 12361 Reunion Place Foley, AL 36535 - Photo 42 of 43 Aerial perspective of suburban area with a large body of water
--
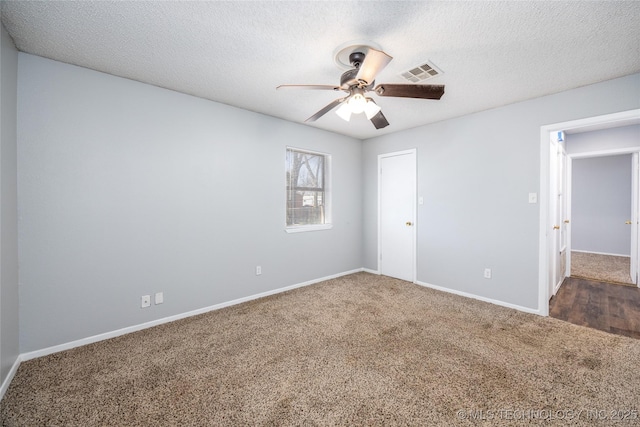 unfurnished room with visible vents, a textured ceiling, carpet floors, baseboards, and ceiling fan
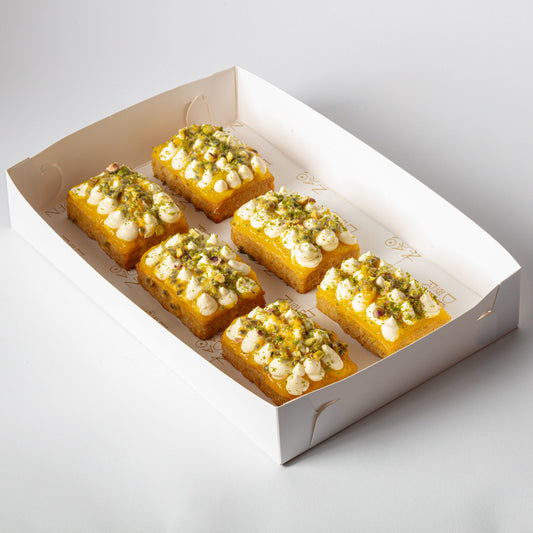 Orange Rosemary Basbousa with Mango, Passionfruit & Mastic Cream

__TASK DESCRIPTION__
Using the records above, return word for word the lines that begin at the one containing "unfurnished room with" and end at the one containing "Orange Rosemary Basbousa", both of them included and no pictures.

__YOUR RESPONSE__
 unfurnished room with visible vents, a textured ceiling, carpet floors, baseboards, and ceiling fan
 Orange Rosemary Basbousa with Mango, Passionfruit & Mastic Cream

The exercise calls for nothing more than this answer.